## Activity
Using the listing that follows, filter out every line lacking the string "with" and return the rest.

## Data supplied
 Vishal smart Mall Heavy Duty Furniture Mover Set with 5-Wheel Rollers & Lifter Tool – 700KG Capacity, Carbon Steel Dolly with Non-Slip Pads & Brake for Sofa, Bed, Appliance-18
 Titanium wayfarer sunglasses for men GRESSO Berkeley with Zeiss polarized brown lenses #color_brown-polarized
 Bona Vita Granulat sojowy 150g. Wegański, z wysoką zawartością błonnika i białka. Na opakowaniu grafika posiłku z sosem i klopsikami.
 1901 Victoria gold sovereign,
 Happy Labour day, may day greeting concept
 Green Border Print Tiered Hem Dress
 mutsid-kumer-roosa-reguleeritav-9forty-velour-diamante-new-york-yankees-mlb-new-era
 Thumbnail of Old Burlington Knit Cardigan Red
* * *
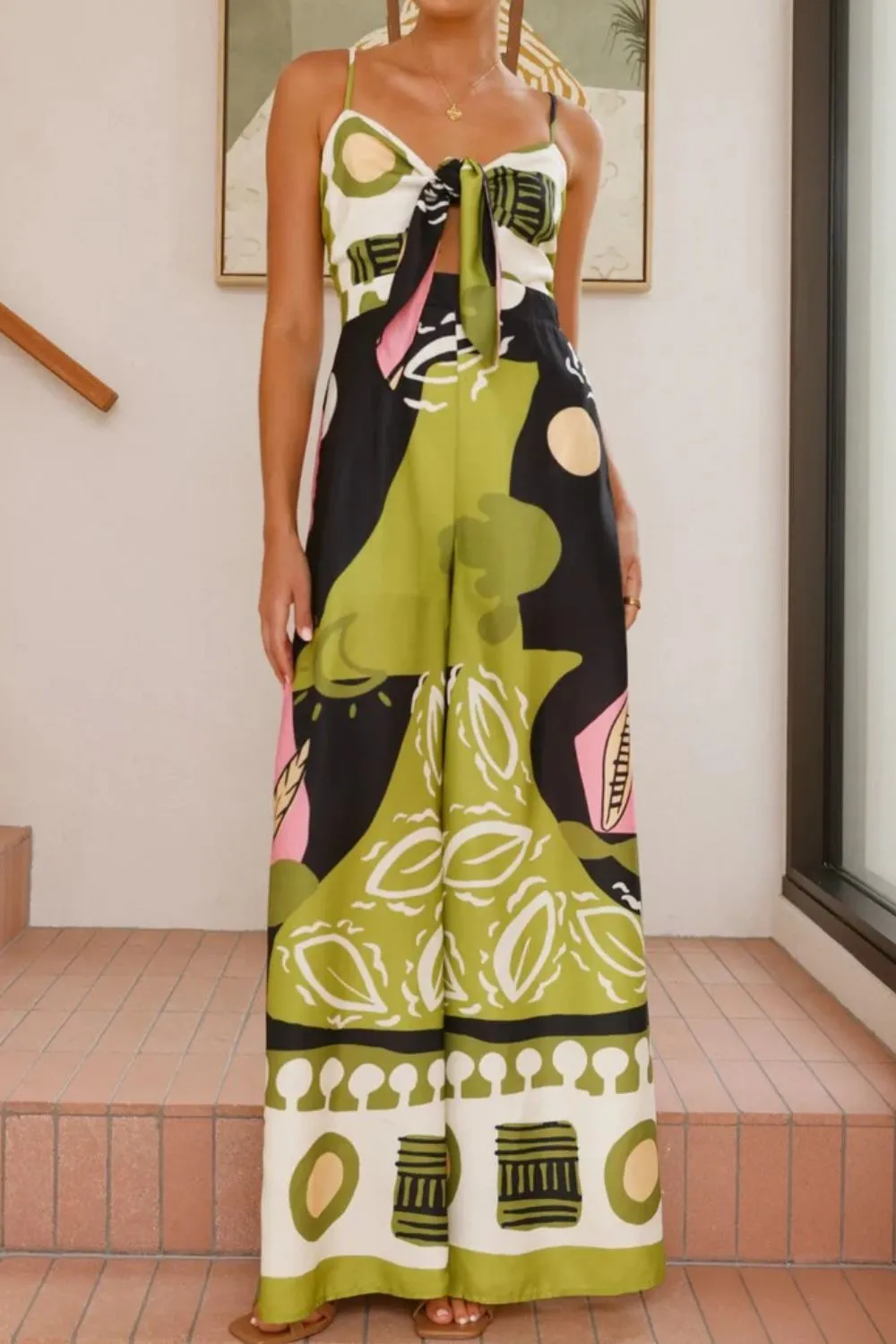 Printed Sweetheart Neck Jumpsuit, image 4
* * *
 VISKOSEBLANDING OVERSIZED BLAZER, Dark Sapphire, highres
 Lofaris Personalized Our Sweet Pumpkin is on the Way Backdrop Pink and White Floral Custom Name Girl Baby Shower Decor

## Written response
 Vishal smart Mall Heavy Duty Furniture Mover Set with 5-Wheel Rollers & Lifter Tool – 700KG Capacity, Carbon Steel Dolly with Non-Slip Pads & Brake for Sofa, Bed, Appliance-18
 Titanium wayfarer sunglasses for men GRESSO Berkeley with Zeiss polarized brown lenses #color_brown-polarized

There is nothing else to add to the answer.